Why the Bambina statue was moved from Senglea to Birkirkara during WWII
- Spunt Malta
- Jan 15
- 2 min read

During the Second World War, Malta did not only protect military assets. It also protected meaning. One of the clearest examples is the decision to move il-Bambina, the devotional statue venerated in Senglea, out of the city and into Birkirkara for safekeeping.
Senglea was a frontline city
By 1940, Senglea had become one of the most heavily bombed locations on the island. Its proximity to the Dockyard made it a constant target for Italian and later German air raids. Entire streets were flattened. Churches, homes, and public buildings were all vulnerable. Keeping an irreplaceable religious statue in a town under near-daily bombardment was simply untenable.
Birkirkara offered depth, not immunity
Birkirkara was not “safe” in an absolute sense. No place in Malta was. But it was safer. Located inland and away from primary military targets, Birkirkara offered geographical depth. Bombing there was less frequent and less concentrated. For this reason, civilians, archives, and sacred objects were quietly relocated there throughout the war years. The Bambina statue was part of this broader, rational strategy of dispersal.
Faith adapted to survival
It is tempting to frame the story as symbolic, as a story of faith fleeing violence, devotion seeking shelter. But historically, the move reflects something more practical: the Maltese instinct to preserve continuity. The statue mattered not only as an object of worship, but as a cultural anchor.
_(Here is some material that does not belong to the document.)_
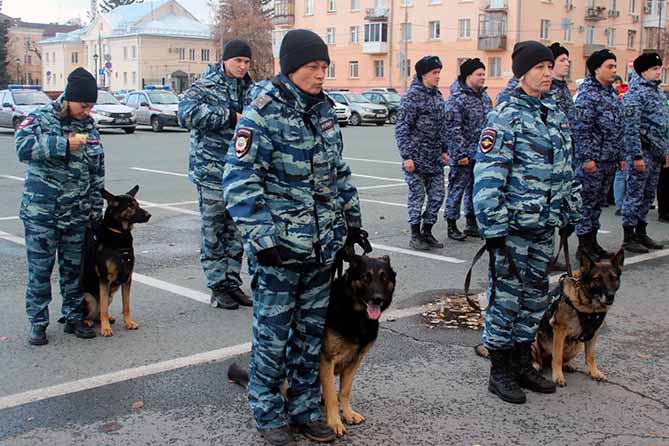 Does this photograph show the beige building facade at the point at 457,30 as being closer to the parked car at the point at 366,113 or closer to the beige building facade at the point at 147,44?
the parked car at the point at 366,113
Losing it would have meant losing a shared point of identity at a moment when communities were already under extreme strain.
Safeguarding it was therefore an act of cultural defence.
Return, not disappearance
Importantly, the statue was not hidden away indefinitely. Once the intensity of air raids diminished, il-Bambina was returned to Senglea. This matters. It was never about abandoning the city or transferring devotion elsewhere. It was about ensuring that something worth returning still existed when the war ended.
What this anecdote tells us
This small episode reveals something larger about wartime Malta.
Under existential pressure, the island did not only think in terms of weapons and shelters. It also identified what needed to be preserved for life after the bombs stopped falling. The Bambina’s journey from Senglea to Birkirkara and back again is not a miracle story. It is a story of judgment, foresight, and quiet resilience. And that, more than symbolism, is what kept Malta intact.